The Guardian has claimed a victory in its five-week legal battle with oil traders Trafigura after lawyers Carter Ruck on Friday dropped the ‘super-injunction’ which had banned publication of the Minton report about pollution in Ivory Coast.
The injunction had already been rendered obsolete by the whistle-blowers’ website Wikileaks which published the Minton report in full some weeks ago – making it easily findable online via Google.
Last week Carter Ruck claimed that the injunction as phrased stopped The Guardian from reporting a parliamentary question asked by MP Paul Farrelly about the matter.
On Tuesday they allowed the injunction to be varied to allow the reporting of Farrelly’s question.
Guardian editor Alan Rusbridger said: “I welcome the climbdown by Trafigura and Carter-Ruck. Now people can read the Minton Report they will realise why it was in the public interest for it to be published.
“It has taken a five-week legal battle – involving journalists, lawyers, bloggers and parliament itself – to force this information into the open.
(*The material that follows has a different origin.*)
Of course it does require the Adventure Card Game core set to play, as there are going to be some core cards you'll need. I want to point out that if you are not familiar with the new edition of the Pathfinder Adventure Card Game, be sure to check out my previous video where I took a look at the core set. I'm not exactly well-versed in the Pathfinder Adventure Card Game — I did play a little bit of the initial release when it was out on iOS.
Never again should a newspaper be threatened with contempt of court for reporting Parliament.
“And judges should think again about the use of ‘super-injunctions’ which are themselves secret.
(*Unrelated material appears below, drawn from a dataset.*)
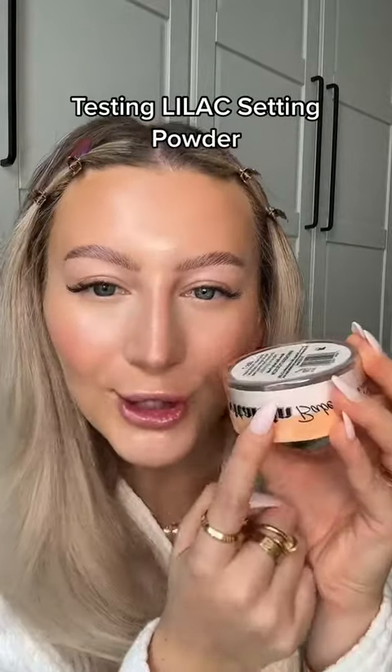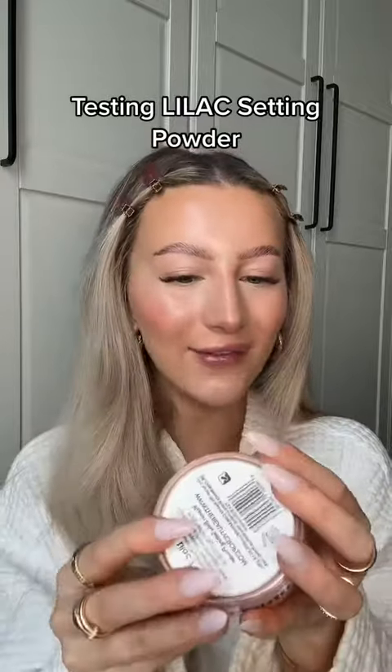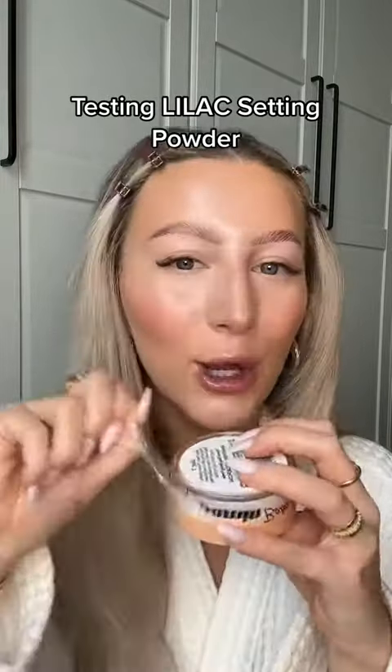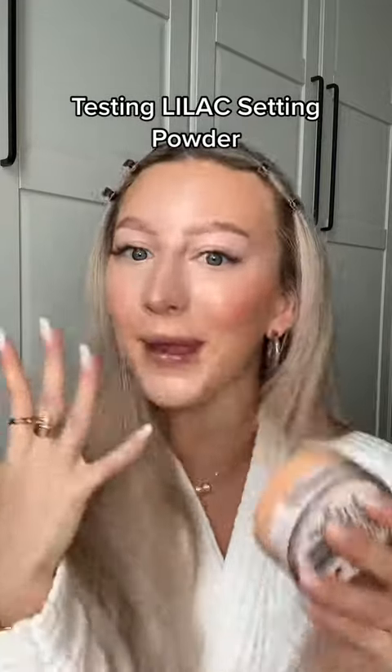Beauty Crop, they've done it again — they've brought out a lilac setting powder. I've never tried a lilac setting powder before, so I'm really intrigued to see what this is going to do to my under eyes. Is it going to brighten them like a pink powder does? I'm jumping right in.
“This is a good day for Parliament, open justice and free reporting.”
Commons Speaker John Bercow last week defended Parliament’s right to decide for itself what MPs discuss as controversy over the court order rumbled on.
Bercow received a letter from solicitors Carter-Ruck, acting for Trafigura, stating that it understood the injunction to be “sub judice” under the terms of House of Commons rules designed to avoid prejudicing court proceedings.
Solicitors Carter-Ruck said the final decision was subject to the Speaker’s discretion, but there were concerns among MPs that the letter might inhibit an debate on the injunction due to be held in the Commons this week.
In a letter to Carter-Ruck released by his office yesterday, Bercow replied: “This is a matter for the House and the discretion of the Chair.”
Cater-Ruck said in a statement on Friday: “Settlement has today been reached with The Guardian newspaper over the injunction proceedings brought by our clients Trafigura Limited and Trafigura Beheer BV.
“The injunction concerned a draft Report which had been commissioned from Minton, Treharne & Davies in September 2006.
“In early September 2009, Trafigura learned that the draft Report had been unlawfully obtained by an unknown third party and apparently passed to The Guardian.
“As The Guardian were informed, the draft report was confidential and subject to legal privilege. However, despite a number of requests, The Guardian refused even to confirm that it had the document, still less that it would not publish it. This left Trafigura with little alternative but to make a court application.
“At that point, The Guardian immediately undertook not to publish the draft report and gave undertakings, reflected in a court order. The Guardian has never attempted to argue that it would have been justified in publishing the draft report while the document remained confidential.”
The statement said that Trafigura now “agrees that there is no longer any purpose in the injunction remaining in place”.
It added: “Despite suggestions to the contrary in certain quarters, neither Trafigura nor Carter-Ruck has at any time improperly sought to stifle or restrict debate in Parliament or the reporting thereof.”